[Your task]
Retype all data exactly as given. Pictures should not be retyped.

*** Data to use Section Begins ***

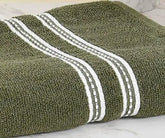 Lavone Premium Cotton Bath Towels 450 Gsm (Dark Green) - Pack Of 1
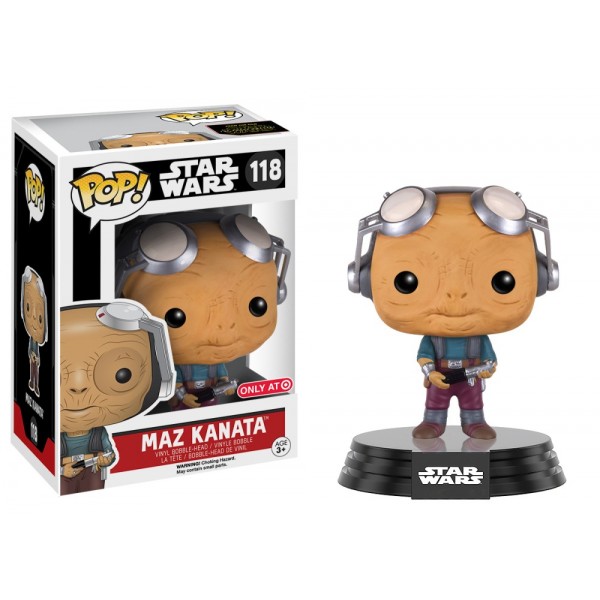 Фигурка Funko POP! Star Wars Episode VII The Force Awakens - Maz Kanata No Glasses Bobble Head limit, 9613, 10 см
Фигурка Funko POP! Star Wars Episode VII The Force Awakens - Maz Kanata No Glasses Bobble Head limit, 9613, 10 см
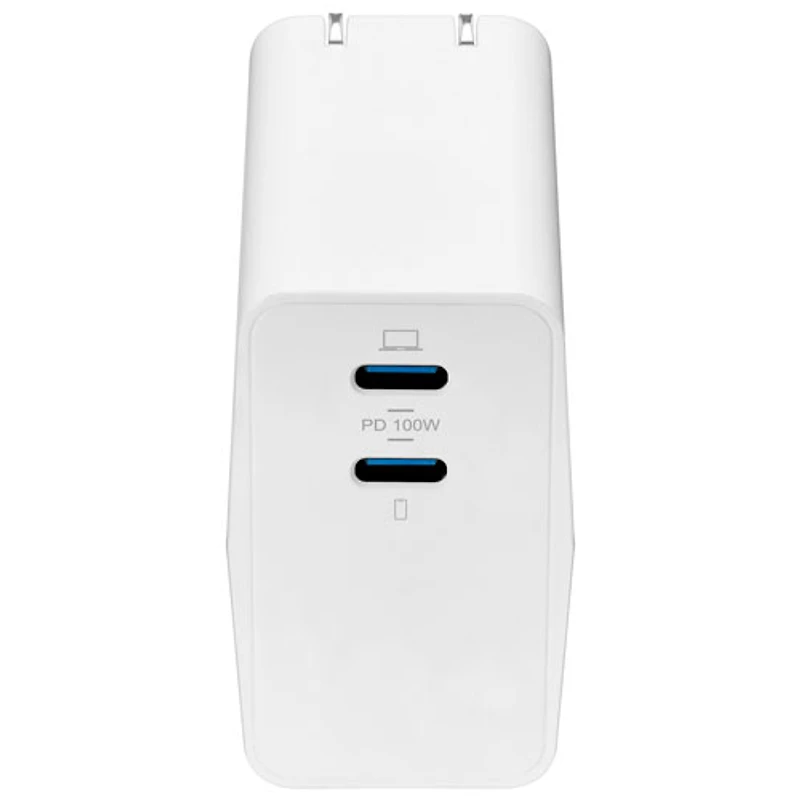 Chargeur mural à 2 ports USB-C GaN de 100 W d'Insignia (NS-PW31XC2W25-C) - Exclusivité Best Buy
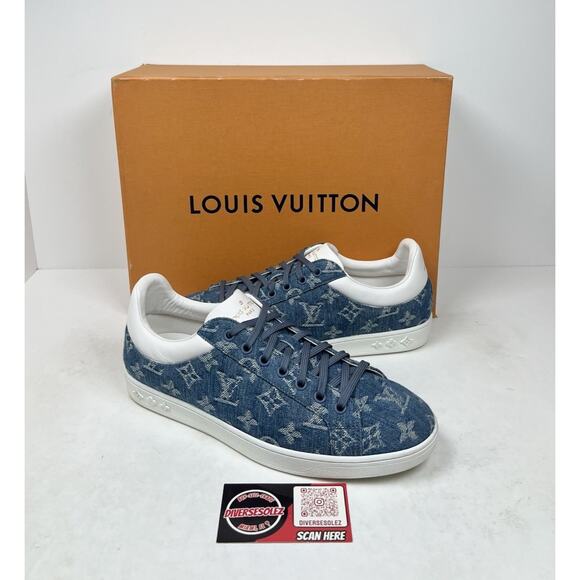 Size 6.5LV/7.5US - Louis Vuitton Luxembourg Monogram Denim Trainers💙 Retail $1K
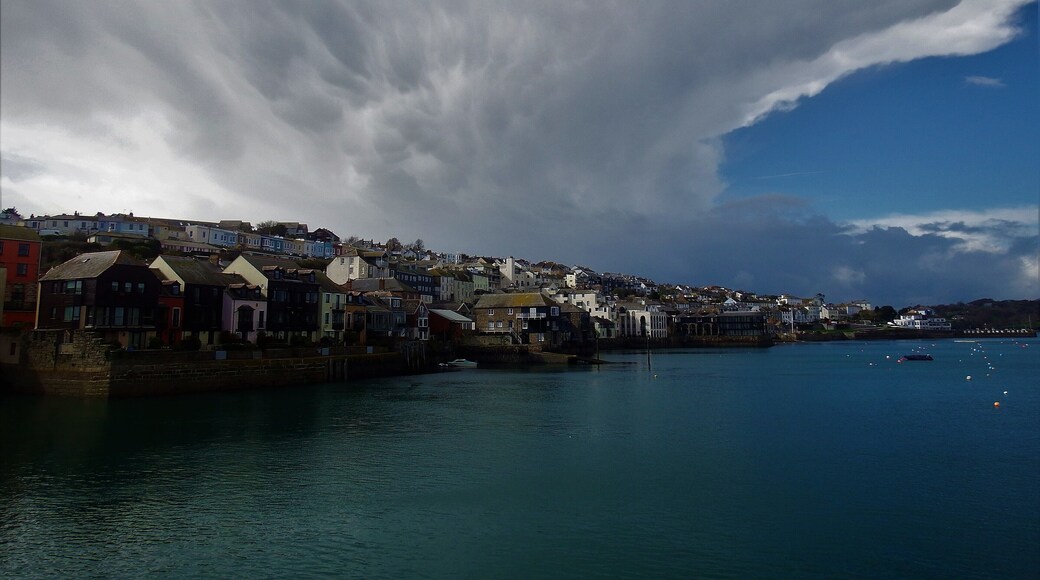 Falmouth harbour with looming storm cloud. #perspective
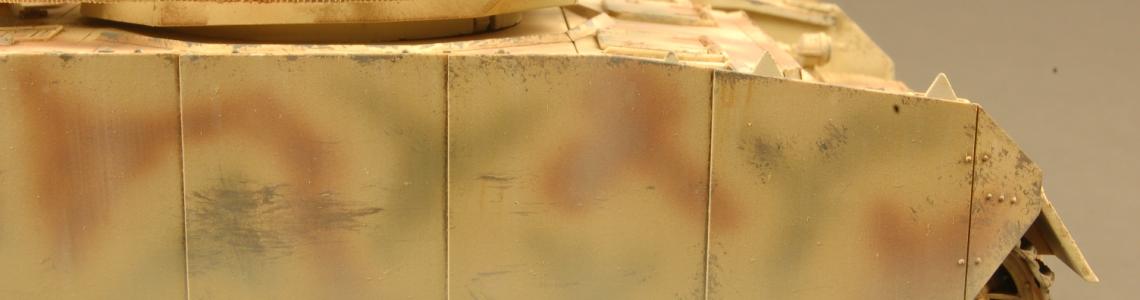 Finished model of Panzer IV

*** Data to use Section Ends ***

[Your response]
 Lavone Premium Cotton Bath Towels 450 Gsm (Dark Green) - Pack Of 1
 Фигурка Funko POP! Star Wars Episode VII The Force Awakens - Maz Kanata No Glasses Bobble Head limit, 9613, 10 см
Фигурка Funko POP! Star Wars Episode VII The Force Awakens - Maz Kanata No Glasses Bobble Head limit, 9613, 10 см
 Chargeur mural à 2 ports USB-C GaN de 100 W d'Insignia (NS-PW31XC2W25-C) - Exclusivité Best Buy
 Size 6.5LV/7.5US - Louis Vuitton Luxembourg Monogram Denim Trainers💙 Retail $1K
 Falmouth harbour with looming storm cloud. #perspective
 Finished model of Panzer IV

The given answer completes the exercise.